Owners of The Daily Telegraph, the Daily Mail, The Guardian and The Mirror have signed a petition submitted to the business secretary Vince Cable urging him to consider blocking Murdoch's £8 billion bid to take full control of pay-TV operator Sky.
The media groups are concerned that the integration of Sky's television platform with the News International titles, including The Times and The Sun, could have "serious and far-reaching consequences for media plurality".
The signatories argue that if Murdoch is allowed to complete the takeover, his media empire would have a combined turnover of £7.5bn compared with the BBC's £4.8bn.

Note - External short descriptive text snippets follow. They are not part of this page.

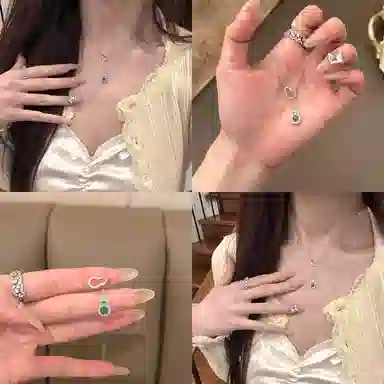 【S925银/清冷女神】六桂福 福禄双葫芦 极简显白绿水冰透清冷设计 福禄吉祥水逆退散新中式国风百搭 福韵金 好运 琉璃 玉石礼盒项链 女款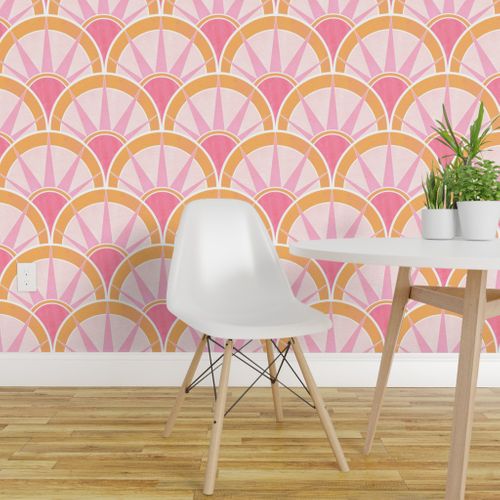Details About Peel And Stick Removable Wallpaper Scallop Pattern 1920s Art Deco Great Gatsby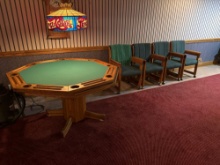 Oak Game Table and Four oak chairs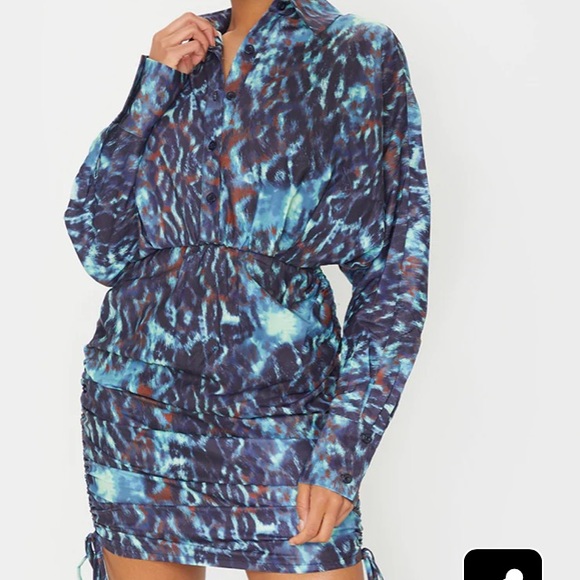 Multi Animal Print Ruched Waist Shirt Style Dress - Picture 3 of 6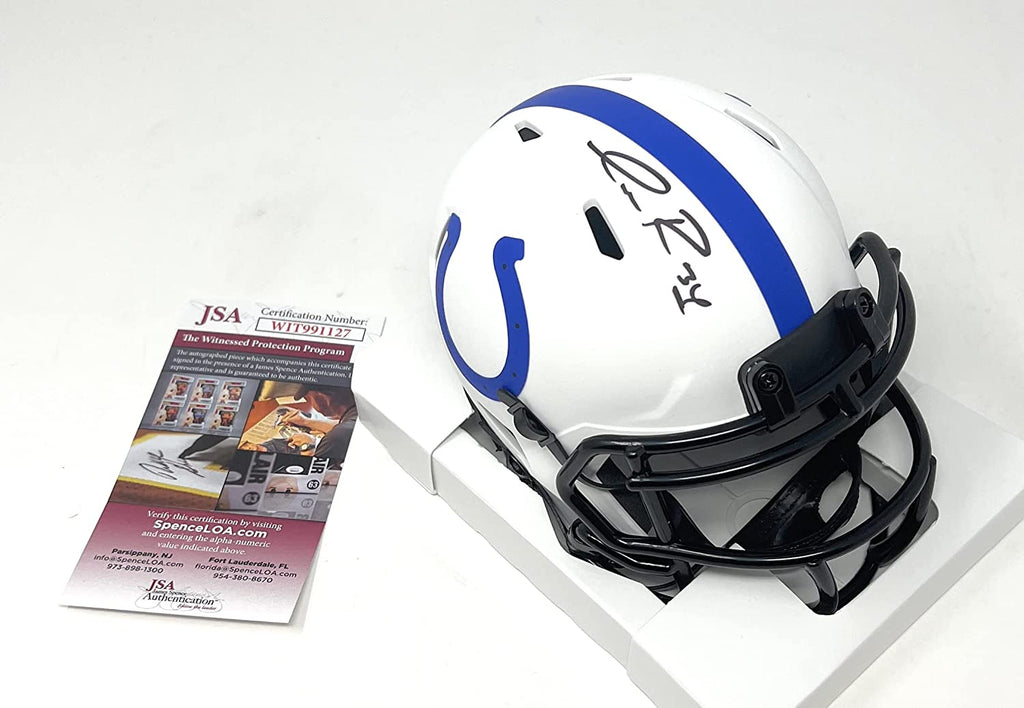 Isaiah Rodgers Indianapolis Colts Signed Autograph Lunar Speed Mini Helmet Helmet JSA Witnessed Certified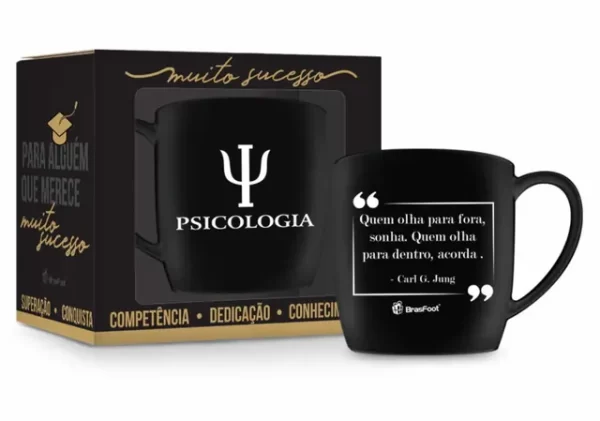 caneca porcelana urban 300ml cursos - psicologia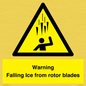 WV7169: Warning Falling Ice from rotor blades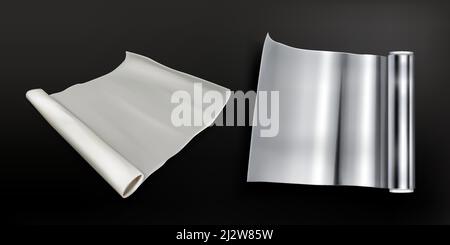 Rolls of aluminium foil and baking paper isolated on black background. Vector realistic set of tube with white greaseproof parchment and metal cooking Stock Vector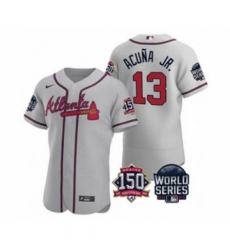 Men's Atlanta Braves #13 Ronald Acuna Jr. 2021 Gray World Series Flex Base With 150th Anniversary Patch Baseball Jersey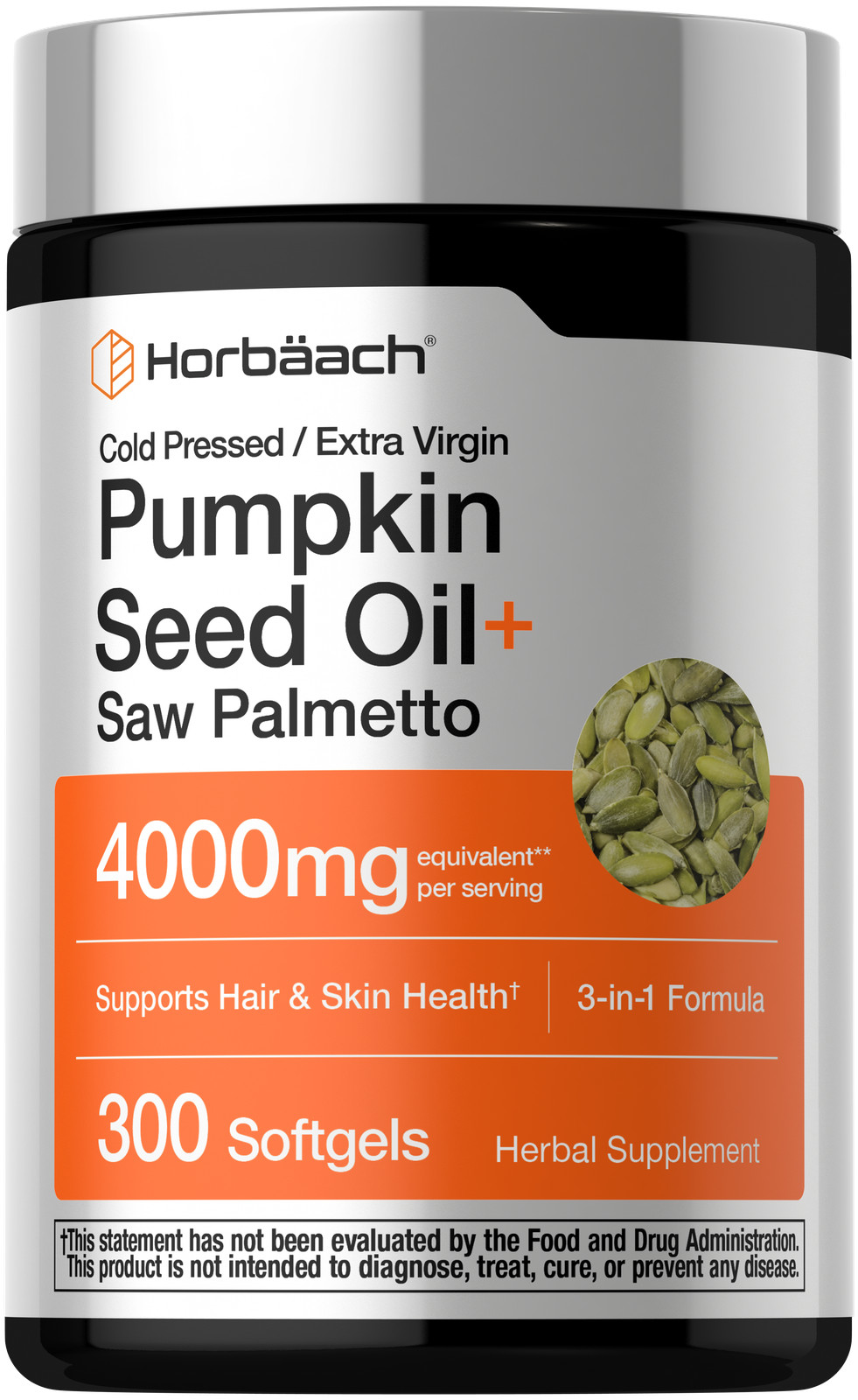 Pumpkin Seed Oil 4000mg | 300 Softgels | with Saw Palmetto | by Horbäach
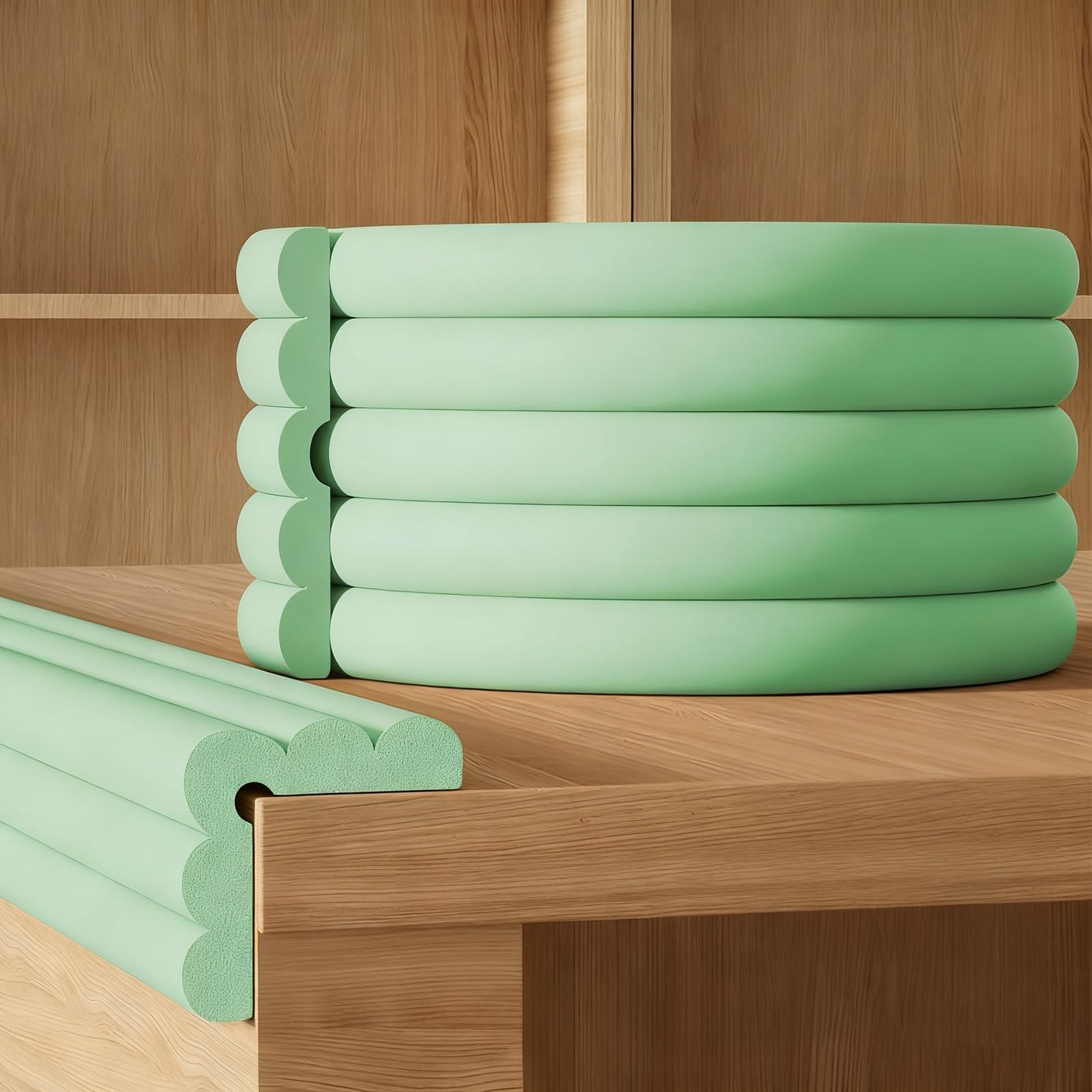 Edge Corner Protector Proofing, 78.7" W-Shape Furniture Safety Bumper Guard, Self-adhesive Soft Rubber Foam Edge Cushion For Furniture(Green,5pcs)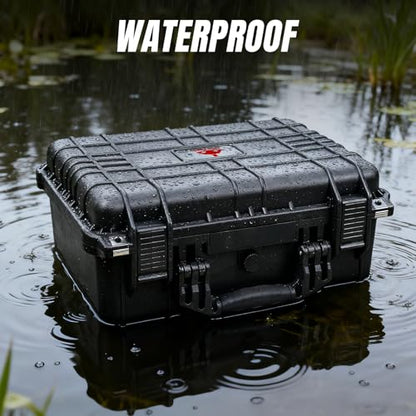 Jack Boss 16x 12.8x 6.8 Inch Hard Case, Portable Weather Waterproof Protective Camera Case with Customizable Foam, Fit Use of Drones, Camera, Equipments, Black - color: BLACK, size: 16x12.8x6.8 in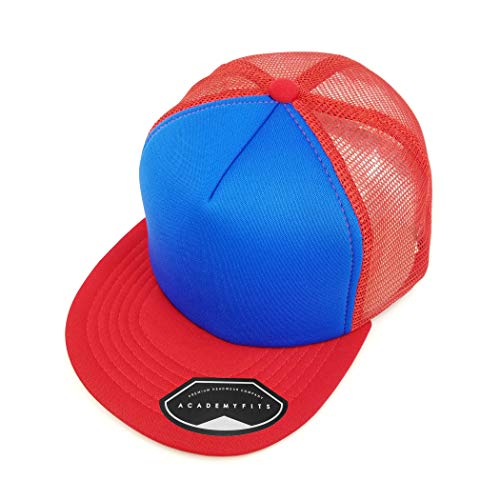 Quality 5 Panel High Crown Trucker Foam Mesh Hat Snapback Men Women Unisex Waterproof Blank Cap #2070 - color: Royal / Red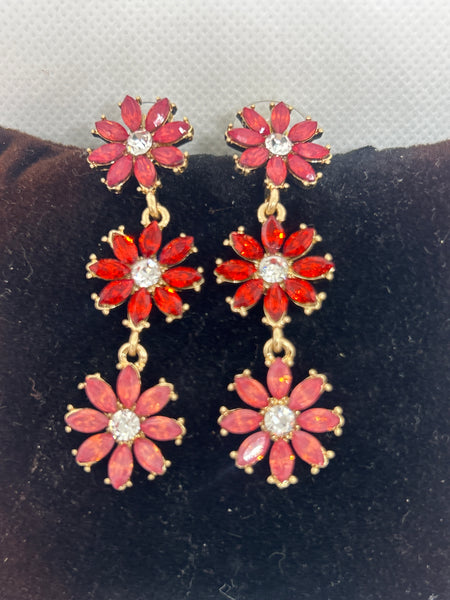 Red Pink Daisy Flowers Earrings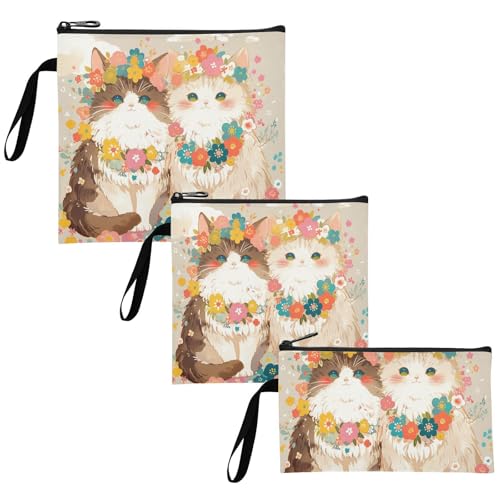 Yoogain Distinctive Cute Flowers Vintage 3 Piecing Reusable Sandwich Bags Multi-Use Emergency Snacks Makeup Bag for Kids Students Adults Food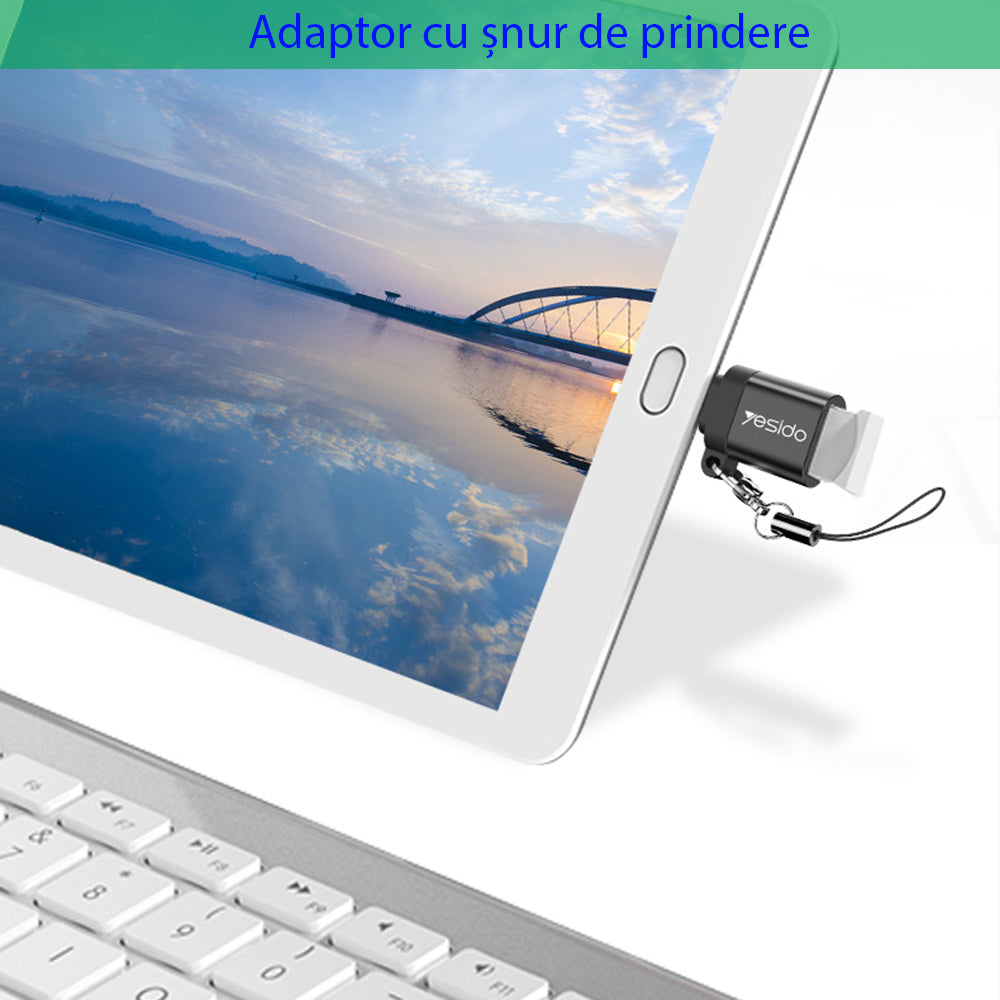 Adaptador OTG USB-C - USB-A Yesido GS06, Negro
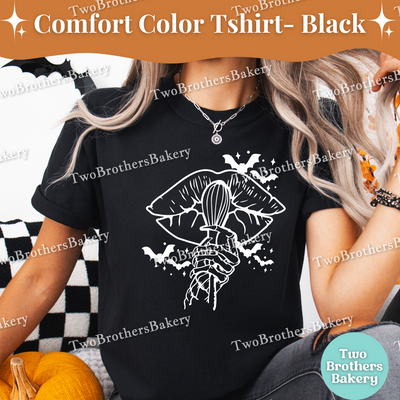 Halloween Baking Shirt, Goth Baker Tee, Skeleton Hand Whisk Shirt, Spooky Baking Shirt, Witch Kitchen Fall Tee, Kiss of Death tshirt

Joining them in signing the petition is Channel 4 chief executive David Abraham, BT chief executive Ian Livingstone and BBC director general Mark Thompson, who recently expressed his grave concern about the proposed deal.
The letter also includes a brief from law firm Slaughter & May outlining the legal circumstances for Cable to intervene in the takeover.
In June, News Corp failed in a 700p per share bid to buy the 61% of Sky that it does not already own. However, the two parties agreed to keep the lines of negotiation open.
News Corp is soon expected to formally notify the European Commission about its intention to mount a takeover of the satellite broadcaster.
The move will kick off a regulatory process that could result in Cable referring the deal to media regulator Ofcom for further investigation on grounds of public interest.
Yesterday, Lord Fowler - the former chairman of the House of Lords select communications committee - called on Cable to intervene in the takeover as it is a "matter of legitimate public concern".